A Warm Glow to Remember
Wherever I am, there is always a gap. A threshold. A barrier that seeps into space.
A Warm Glow to Remember is a transitional journey that explores Yumemi’s relationship to Japanese heritage and tradition. It is a series of intimate metaphors that articulate the process of reconciling her place within cultural gaps that accompany the migrant experience. It is an act of closeness as much as it is an act of letting go.
This work explores Yumemi’s feelings of incompetency, loss, burden, and guilt that arise when a part of country and culture is shedded whilst simultaneously grasping at the invisible ties that anchor identity. Longing for a cultural past, we try to hold onto these cultural threads as they unravel and slip and feel increasingly far away.

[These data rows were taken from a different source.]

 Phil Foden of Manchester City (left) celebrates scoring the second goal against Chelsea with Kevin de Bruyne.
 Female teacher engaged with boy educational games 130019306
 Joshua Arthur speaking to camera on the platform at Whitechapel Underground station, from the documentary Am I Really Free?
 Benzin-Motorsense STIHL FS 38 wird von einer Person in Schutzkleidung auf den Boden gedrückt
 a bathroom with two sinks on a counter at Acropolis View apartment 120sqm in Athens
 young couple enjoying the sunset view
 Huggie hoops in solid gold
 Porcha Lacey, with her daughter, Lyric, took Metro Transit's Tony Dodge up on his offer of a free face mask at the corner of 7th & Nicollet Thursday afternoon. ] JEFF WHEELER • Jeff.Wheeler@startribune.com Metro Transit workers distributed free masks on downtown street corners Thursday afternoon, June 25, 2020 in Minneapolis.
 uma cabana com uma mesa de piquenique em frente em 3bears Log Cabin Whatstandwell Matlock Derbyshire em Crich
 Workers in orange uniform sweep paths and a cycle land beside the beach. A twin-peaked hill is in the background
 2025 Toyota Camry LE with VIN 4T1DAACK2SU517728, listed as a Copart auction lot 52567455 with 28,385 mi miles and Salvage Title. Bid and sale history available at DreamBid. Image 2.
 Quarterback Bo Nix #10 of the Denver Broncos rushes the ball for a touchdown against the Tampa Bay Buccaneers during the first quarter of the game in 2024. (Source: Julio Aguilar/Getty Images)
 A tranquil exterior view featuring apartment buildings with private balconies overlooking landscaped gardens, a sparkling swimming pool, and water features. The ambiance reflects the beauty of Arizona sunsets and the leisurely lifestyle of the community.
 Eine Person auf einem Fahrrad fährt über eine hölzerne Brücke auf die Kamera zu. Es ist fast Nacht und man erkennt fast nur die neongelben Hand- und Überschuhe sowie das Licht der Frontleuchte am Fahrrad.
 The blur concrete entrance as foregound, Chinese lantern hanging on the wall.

How do you position yourself in an international setting while carrying the responsibility of maintaining cultural authenticity?
How can someone honour heritage between the tension of longing and letting go?
Attempting to come face to face with these raw emotions she found resonance in the glass casting process.
Engulfed in the flame; her manifesting thoughts, the burning fabric and the radiating glow from the liquid glass, Yumemi found an unexpected turning point, one in which this private conversation began to emerge.
Perhaps being in this gap is okay.
That letting things be as they are, is okay.
Although transformed, history remains present.
We are forever the residue of the generations before us.
The glass sculptures are created through a process of hot glass casting, encompassing a piece of Obi silk within. The patterns that remain in the glass as a result, are the burnt remains of the fabric, trapped within the glass surfaces.